**EXERCISE:**
In the answer, each line of the listing should appear again unchanged.

(DATA LISTING)

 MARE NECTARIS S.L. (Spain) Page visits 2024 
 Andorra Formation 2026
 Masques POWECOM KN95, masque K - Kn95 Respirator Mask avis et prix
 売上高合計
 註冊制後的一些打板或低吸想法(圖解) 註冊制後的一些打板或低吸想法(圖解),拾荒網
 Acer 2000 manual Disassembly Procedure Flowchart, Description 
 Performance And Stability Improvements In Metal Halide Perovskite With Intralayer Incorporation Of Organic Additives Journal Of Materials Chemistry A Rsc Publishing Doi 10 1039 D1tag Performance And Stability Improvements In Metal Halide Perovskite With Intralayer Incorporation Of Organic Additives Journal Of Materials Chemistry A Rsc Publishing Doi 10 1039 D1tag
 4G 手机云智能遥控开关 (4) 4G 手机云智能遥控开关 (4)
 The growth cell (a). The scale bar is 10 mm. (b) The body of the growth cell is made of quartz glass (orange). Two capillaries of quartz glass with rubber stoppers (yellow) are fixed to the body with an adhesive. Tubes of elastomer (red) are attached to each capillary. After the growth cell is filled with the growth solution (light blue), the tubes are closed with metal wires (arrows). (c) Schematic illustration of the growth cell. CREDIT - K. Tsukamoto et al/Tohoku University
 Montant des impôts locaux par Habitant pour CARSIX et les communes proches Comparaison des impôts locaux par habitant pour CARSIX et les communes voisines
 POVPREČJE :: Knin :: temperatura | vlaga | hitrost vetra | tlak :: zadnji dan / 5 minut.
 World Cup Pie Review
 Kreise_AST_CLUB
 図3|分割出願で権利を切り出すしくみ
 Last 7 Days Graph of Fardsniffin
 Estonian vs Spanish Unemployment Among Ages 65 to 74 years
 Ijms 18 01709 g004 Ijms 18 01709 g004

(End DATA LISTING)

**WRITTEN REPLY:**
 MARE NECTARIS S.L. (Spain) Page visits 2024 
 Andorra Formation 2026
 Masques POWECOM KN95, masque K - Kn95 Respirator Mask avis et prix
 売上高合計
 註冊制後的一些打板或低吸想法(圖解) 註冊制後的一些打板或低吸想法(圖解),拾荒網
 Acer 2000 manual Disassembly Procedure Flowchart, Description 
 Performance And Stability Improvements In Metal Halide Perovskite With Intralayer Incorporation Of Organic Additives Journal Of Materials Chemistry A Rsc Publishing Doi 10 1039 D1tag Performance And Stability Improvements In Metal Halide Perovskite With Intralayer Incorporation Of Organic Additives Journal Of Materials Chemistry A Rsc Publishing Doi 10 1039 D1tag
 4G 手机云智能遥控开关 (4) 4G 手机云智能遥控开关 (4)
 The growth cell (a). The scale bar is 10 mm. (b) The body of the growth cell is made of quartz glass (orange). Two capillaries of quartz glass with rubber stoppers (yellow) are fixed to the body with an adhesive. Tubes of elastomer (red) are attached to each capillary. After the growth cell is filled with the growth solution (light blue), the tubes are closed with metal wires (arrows). (c) Schematic illustration of the growth cell. CREDIT - K. Tsukamoto et al/Tohoku University
 Montant des impôts locaux par Habitant pour CARSIX et les communes proches Comparaison des impôts locaux par habitant pour CARSIX et les communes voisines
 POVPREČJE :: Knin :: temperatura | vlaga | hitrost vetra | tlak :: zadnji dan / 5 minut.
 World Cup Pie Review
 Kreise_AST_CLUB
 図3|分割出願で権利を切り出すしくみ
 Last 7 Days Graph of Fardsniffin
 Estonian vs Spanish Unemployment Among Ages 65 to 74 years
 Ijms 18 01709 g004 Ijms 18 01709 g004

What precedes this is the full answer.